Die Wahrheit liegt in der Mitte
Was also tun? Die Wahrheit liegt – wie so oft im Leben – irgendwo in der Mitte und vor allem, dass es nicht ein Konzept gibt, das für alle passt. Nicht unwesentlich mit in die Erwägungen einzubeziehen ist, dass es ganz viele Arbeiten – oft im selben Unternehmen – gibt, die gar keine Homeoffice-Regelungen zulassen. Dazu gehört etwa der stationäre Handel, Produktionen, Dienstleistungen etc., was das Homeoffice in gewisser Weise zu einem Elitenproblem werden lässt. Dazu kommt, dass eine ganze Reihe von Jobdescriptions schlicht nicht für ausschließliche Homeoffice-Tätigkeiten tauglich sind. Während der Corona-Pandemie wurden die Mitarbeitenden einfach ins Homeoffice geschickt, obwohl laut Jobdescription zumindest ein Teil im Büro bzw. in Präsenz zu erledigen gewesen wäre. Daran hat sich bisher nicht viel geändert.
Klare Regeln
Aber wie gesagt, die Antwort liegt vermutlich irgendwo in der Mitte. Ich bin überzeugt, dass Homeoffice-Regeln – wie etwa bei uns im Unternehmen – mit einem möglichen Anteil von maximal 50 Prozent durchaus Sinn machen. Damit aber die damit verbundenen Nachteile nicht durchschlagen, braucht es klare Regeln, zum Beispiel fest vereinbarte Zeiten, zu denen alle Team- und/oder Abteilungsmitglieder, vielleicht sogar alle Angestellten, anwesend sind, um dann auch Meetings in Präsenz durchführen zu können. Es braucht zudem eine andere Art von Kommunikation. Von den Führungskräften muss weitaus mehr und intensiver zu den Mitarbeiter:innen kommuniziert werden, um den Informationsfluss und auch das Zusammengehörigkeitsgefühl und das Teamgefüge zu stärken. Dies insbesondere, wenn eine Homeoffice-Regelung nicht für alle Mitarbeitenden in Frage kommt – hier keine Spannungen aufkommen zu lassen, ist eine nicht zu unterschätzende Aufgabe.

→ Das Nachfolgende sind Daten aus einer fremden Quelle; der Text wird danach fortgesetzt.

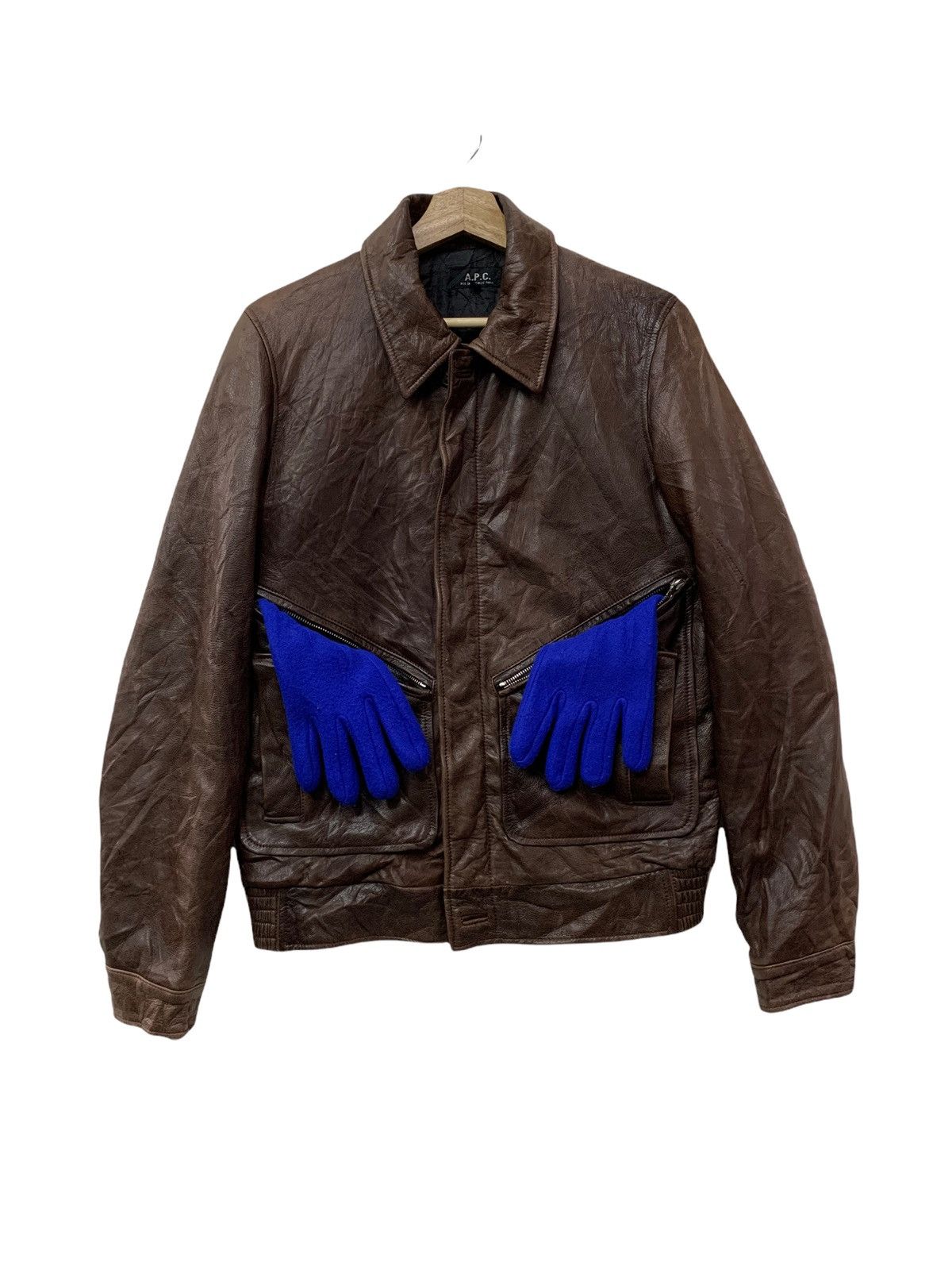 A.P.C. × Louis W. APC x Louis W. Brown Leather Jacket XS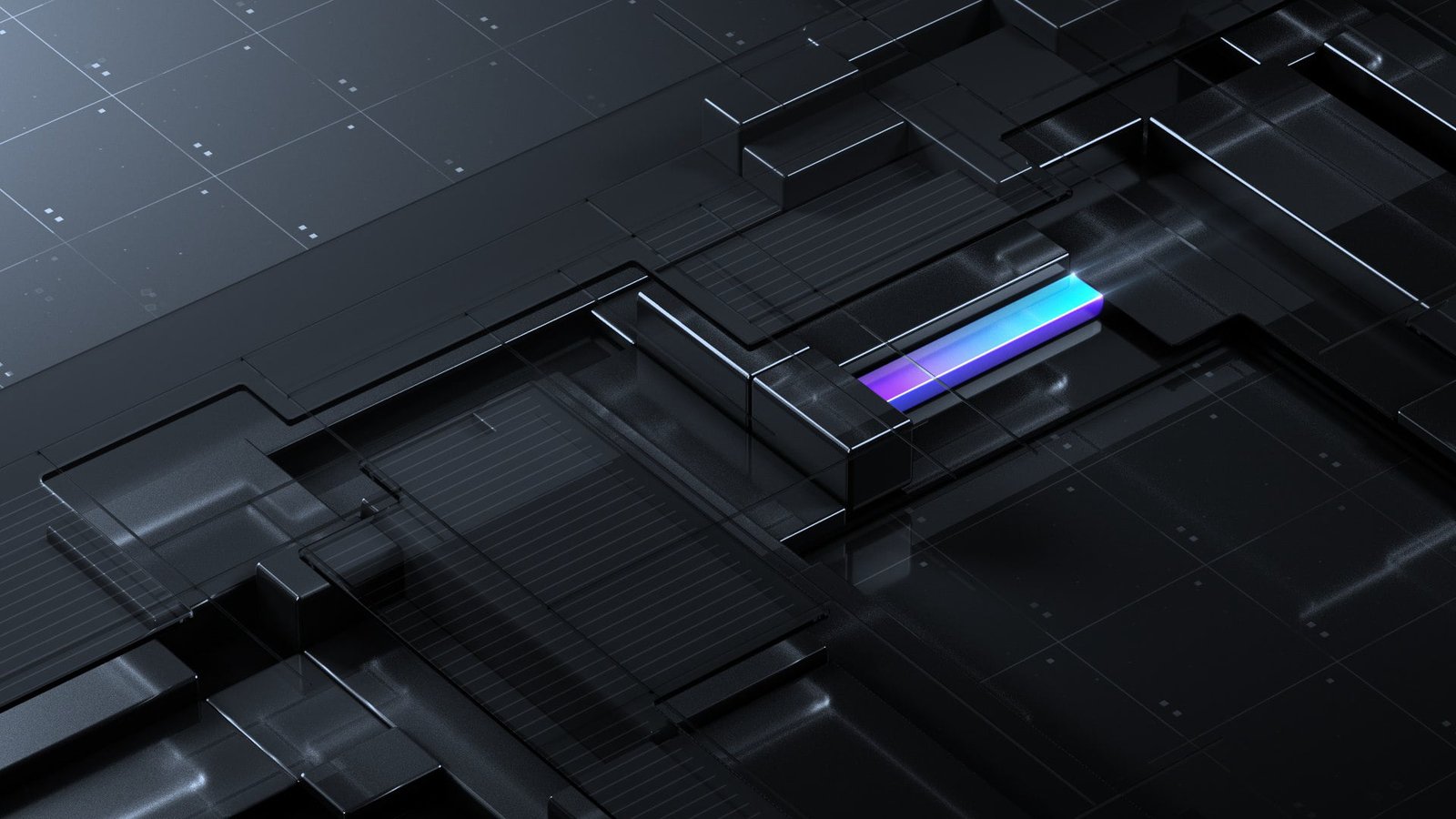 black graphic art abstract technology futuristic illustration 2k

In weiterer Folge muss es den Unternehmen – ganz zum Leidwesen der Immobilienbranche und vieler am Unternehmensstandort vorhandenen Serviceunternehmen – möglich sein, auch Kosten zu sparen und Büroflächen zu verkleinern, ohne jedoch die Attraktivität des Standortes einzubüßen. Im Gegenteil, es muss die Herausforderung gemeistert werden, am Ende sogar mit dem Büro attraktiver zu werden.
Hausverstand und Gespür
Zusammenfassend glaube ich nicht an ein Entweder-oder beim Thema Homeoffice. Was es immer braucht, ist eine ausreichende Portion Hausverstand und auch das nötige Gespür sowohl seitens der Führungskräfte als auch der Mitarbeitenden, um das Beste für das Unternehmen zu erreichen. Mit Zwang und allzu strikten Vorgaben wird man es heutzutage schwer haben, gute Köpfe für sich zu gewinnen und diese auch zu halten. Mit einer ausgewogenen Mischung aus guten Anreizen, Vertrauen, Verlässlichkeit und Korrektheit hingegen stehen die Chancen gut, als attraktiver Arbeitgeber am Markt zu punkten.